You can set the scraper to add the continent in a column for every row by adding:
Description:
#repeat#Continent#
Marker Before:
<h3>Continent:
Marker After:
</h3>
The repeat directive can be used to set a fixed value in a column by only entering a string in the Replace field:
Example: For inputing data directly in your database without any touchup in the process you need to add the field "location" with a set value:
Description:
#repeat#Location#
Replace:
New Delhi
Note: if a variable is entered in the Replace field, all its values will be concatenated in the repeated output.
- #save# (Expert & Enterprise) Saves the string extracted by the scraper line to a separate text file using the filename or renaming pattern set in the replace column.
- #saveQueueAsQueries# (Expert & Enterprise) Sends the current queue of URLs left to visit to a query directory.

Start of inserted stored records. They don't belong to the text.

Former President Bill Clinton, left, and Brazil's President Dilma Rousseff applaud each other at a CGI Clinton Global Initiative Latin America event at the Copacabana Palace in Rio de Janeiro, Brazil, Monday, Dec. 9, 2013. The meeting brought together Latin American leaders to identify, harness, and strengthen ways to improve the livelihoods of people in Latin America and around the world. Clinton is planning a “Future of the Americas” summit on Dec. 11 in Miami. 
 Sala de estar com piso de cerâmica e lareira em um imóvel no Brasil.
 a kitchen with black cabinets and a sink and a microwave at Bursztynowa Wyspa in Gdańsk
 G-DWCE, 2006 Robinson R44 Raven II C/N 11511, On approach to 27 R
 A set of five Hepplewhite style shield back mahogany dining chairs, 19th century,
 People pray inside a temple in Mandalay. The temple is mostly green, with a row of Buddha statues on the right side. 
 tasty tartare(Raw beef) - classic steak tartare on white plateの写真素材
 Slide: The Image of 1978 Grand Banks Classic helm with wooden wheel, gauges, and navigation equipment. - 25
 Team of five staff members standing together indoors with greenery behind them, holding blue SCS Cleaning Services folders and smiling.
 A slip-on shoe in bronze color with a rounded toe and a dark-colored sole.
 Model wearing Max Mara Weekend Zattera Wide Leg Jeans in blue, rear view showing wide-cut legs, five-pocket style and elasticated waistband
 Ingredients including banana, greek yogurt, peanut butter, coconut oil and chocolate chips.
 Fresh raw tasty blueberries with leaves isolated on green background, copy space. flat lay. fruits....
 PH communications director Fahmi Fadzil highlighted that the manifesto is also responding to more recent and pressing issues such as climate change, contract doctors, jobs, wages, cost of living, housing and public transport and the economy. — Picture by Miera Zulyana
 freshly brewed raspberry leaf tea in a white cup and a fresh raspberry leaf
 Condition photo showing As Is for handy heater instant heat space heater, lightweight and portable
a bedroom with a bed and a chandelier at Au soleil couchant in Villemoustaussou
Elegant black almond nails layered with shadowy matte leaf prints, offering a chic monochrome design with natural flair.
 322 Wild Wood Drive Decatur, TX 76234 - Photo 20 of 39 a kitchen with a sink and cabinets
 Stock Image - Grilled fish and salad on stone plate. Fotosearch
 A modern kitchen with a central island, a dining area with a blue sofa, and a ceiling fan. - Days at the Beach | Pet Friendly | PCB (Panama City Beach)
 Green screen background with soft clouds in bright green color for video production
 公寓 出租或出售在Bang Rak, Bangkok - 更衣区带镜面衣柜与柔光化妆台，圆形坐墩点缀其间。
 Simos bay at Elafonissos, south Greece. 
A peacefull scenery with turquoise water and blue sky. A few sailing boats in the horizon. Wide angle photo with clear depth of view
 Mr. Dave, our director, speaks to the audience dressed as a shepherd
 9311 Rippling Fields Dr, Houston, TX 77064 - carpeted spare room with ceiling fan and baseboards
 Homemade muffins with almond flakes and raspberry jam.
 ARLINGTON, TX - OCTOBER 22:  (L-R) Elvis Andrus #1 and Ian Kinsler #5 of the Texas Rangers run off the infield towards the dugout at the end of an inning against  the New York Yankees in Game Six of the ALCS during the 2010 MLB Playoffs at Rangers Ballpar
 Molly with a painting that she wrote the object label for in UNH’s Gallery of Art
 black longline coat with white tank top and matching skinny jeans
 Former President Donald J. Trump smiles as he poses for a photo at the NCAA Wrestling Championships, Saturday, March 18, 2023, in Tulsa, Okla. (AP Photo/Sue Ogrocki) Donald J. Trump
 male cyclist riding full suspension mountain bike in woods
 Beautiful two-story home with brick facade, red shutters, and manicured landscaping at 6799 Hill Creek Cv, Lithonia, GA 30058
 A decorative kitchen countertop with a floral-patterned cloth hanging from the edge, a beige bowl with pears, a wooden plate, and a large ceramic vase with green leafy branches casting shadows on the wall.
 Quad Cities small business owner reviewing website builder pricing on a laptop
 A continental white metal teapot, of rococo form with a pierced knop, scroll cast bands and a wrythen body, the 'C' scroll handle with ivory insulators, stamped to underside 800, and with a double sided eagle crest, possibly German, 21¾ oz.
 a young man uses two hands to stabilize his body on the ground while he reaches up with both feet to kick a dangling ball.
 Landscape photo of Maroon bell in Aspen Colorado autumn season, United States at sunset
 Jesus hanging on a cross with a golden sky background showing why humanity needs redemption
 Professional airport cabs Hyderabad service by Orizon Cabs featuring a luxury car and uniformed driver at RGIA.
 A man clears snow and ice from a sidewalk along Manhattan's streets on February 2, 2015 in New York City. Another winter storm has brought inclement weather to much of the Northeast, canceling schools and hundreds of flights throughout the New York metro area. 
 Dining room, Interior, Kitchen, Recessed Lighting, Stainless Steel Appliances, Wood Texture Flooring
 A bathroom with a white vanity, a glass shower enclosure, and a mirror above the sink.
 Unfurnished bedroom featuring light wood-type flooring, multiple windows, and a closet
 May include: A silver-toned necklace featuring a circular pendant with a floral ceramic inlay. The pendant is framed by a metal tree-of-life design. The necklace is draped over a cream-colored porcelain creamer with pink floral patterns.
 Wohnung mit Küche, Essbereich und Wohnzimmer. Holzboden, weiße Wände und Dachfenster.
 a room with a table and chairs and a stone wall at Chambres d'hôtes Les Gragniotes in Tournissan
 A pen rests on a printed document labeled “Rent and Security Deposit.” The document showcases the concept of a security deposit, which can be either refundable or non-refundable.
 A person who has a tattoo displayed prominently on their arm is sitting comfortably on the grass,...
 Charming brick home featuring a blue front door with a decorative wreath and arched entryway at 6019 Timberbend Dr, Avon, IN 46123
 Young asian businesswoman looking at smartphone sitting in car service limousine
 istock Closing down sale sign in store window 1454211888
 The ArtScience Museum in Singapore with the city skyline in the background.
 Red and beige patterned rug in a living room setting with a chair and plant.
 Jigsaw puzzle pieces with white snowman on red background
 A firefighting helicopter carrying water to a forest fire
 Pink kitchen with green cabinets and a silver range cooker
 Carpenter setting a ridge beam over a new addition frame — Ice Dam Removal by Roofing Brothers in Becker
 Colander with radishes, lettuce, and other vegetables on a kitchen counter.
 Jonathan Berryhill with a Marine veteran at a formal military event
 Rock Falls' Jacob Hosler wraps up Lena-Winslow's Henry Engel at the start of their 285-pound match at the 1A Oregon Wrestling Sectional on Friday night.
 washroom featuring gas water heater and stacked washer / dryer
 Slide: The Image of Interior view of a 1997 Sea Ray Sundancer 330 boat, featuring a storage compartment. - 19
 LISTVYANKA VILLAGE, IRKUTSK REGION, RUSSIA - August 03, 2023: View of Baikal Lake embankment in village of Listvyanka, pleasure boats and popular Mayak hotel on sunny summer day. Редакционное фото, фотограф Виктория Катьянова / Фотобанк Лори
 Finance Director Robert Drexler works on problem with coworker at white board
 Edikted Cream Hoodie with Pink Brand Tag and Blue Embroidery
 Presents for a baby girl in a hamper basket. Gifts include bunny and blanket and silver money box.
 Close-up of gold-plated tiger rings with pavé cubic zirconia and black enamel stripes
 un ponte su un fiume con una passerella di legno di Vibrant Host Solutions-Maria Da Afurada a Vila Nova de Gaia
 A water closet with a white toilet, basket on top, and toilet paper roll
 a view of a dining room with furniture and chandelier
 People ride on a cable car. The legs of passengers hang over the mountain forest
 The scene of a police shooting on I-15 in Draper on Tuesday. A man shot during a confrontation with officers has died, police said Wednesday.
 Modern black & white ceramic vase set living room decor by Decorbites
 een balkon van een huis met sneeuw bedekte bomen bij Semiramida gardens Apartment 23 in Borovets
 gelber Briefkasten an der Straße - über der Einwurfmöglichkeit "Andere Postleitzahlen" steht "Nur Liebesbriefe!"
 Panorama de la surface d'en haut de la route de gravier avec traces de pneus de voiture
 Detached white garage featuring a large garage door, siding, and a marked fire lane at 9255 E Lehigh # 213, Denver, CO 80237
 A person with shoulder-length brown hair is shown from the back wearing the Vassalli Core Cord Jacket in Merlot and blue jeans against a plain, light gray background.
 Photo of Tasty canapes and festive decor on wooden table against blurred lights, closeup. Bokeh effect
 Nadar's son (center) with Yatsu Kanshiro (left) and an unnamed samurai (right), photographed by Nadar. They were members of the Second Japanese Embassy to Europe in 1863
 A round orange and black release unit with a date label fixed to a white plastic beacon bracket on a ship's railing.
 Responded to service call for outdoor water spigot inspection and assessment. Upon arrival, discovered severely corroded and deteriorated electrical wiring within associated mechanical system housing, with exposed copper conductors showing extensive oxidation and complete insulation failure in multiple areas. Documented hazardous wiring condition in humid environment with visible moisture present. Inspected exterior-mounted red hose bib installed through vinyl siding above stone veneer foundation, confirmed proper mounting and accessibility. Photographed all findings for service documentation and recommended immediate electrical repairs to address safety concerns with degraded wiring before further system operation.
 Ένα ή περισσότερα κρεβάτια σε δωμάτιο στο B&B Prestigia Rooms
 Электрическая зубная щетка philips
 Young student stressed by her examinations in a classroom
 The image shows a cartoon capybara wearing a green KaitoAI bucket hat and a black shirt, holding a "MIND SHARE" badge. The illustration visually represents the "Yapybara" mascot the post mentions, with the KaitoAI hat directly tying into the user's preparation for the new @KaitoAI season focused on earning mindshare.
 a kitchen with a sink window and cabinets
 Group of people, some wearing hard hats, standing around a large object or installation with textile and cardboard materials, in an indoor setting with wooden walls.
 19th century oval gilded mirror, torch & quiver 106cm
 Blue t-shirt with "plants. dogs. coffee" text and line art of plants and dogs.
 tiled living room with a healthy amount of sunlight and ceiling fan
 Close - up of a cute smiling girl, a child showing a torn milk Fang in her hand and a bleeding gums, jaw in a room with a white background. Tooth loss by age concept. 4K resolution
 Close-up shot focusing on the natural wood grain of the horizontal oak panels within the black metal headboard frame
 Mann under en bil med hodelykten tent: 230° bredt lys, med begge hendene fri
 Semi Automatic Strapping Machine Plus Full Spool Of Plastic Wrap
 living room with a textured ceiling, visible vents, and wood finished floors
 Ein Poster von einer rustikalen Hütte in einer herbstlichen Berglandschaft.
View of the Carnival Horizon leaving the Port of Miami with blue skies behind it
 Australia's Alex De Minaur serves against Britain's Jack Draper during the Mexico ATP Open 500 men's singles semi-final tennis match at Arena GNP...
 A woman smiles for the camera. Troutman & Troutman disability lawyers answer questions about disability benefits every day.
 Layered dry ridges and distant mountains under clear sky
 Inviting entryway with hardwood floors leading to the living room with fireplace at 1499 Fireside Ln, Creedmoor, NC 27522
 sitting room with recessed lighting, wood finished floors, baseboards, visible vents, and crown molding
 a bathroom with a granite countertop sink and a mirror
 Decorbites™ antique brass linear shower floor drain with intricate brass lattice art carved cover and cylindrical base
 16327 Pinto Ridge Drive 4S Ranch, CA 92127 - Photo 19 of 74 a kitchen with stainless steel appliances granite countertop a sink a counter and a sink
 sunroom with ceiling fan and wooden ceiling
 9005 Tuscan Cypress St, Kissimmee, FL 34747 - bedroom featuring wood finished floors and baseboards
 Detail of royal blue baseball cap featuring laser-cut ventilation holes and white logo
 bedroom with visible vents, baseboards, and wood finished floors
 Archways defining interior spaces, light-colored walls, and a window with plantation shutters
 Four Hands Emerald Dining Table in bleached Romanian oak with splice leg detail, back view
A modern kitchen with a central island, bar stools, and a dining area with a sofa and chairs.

A
name can be added to the directive if you want to specify how the directory should be named or in order to replace an existing directory with the current queue URLs: #saveQueueAsQueries#directoryName#. This directive can be extremely useful if
you fear that a process may be interrupted. It will allow you to resume an automatic exploration where it stopped. Note, however, that the directive only stores URLs to explore, not URLs wihich have already been explored. If your scraper adds
URLs to the queue, already visited URLs may be added again, so resuming an exploration this way may in some cases lead to re-visiting URLs that have been seen before the interruption.
- #screenshot# (Expert & Enterprise) Creates an image file with a screenshot of the current Webpage in the download folder using the
filename or renaming pattern set in the replace column.
- #sendToQueries# (Expert & Enterprise) sends to the 'queries' view the URL extracted by the scraper line. A name can be
added to the directive to specify how the directory should be called or to add the extracted URL to an existing directory: #sendToQueries#directoryName#.
- #start# switches scraping on. Data will start being extracted in the part of the source code following the match of this scraper line. (Directives are not limited by #start# and #stop#. For instance, if the
#scrapeIf# directive matches a string outside of the start/stop zones, it will still be executed.)
Example: You only want to start scraping after a given title, say <h2>Synopsis:</h2>.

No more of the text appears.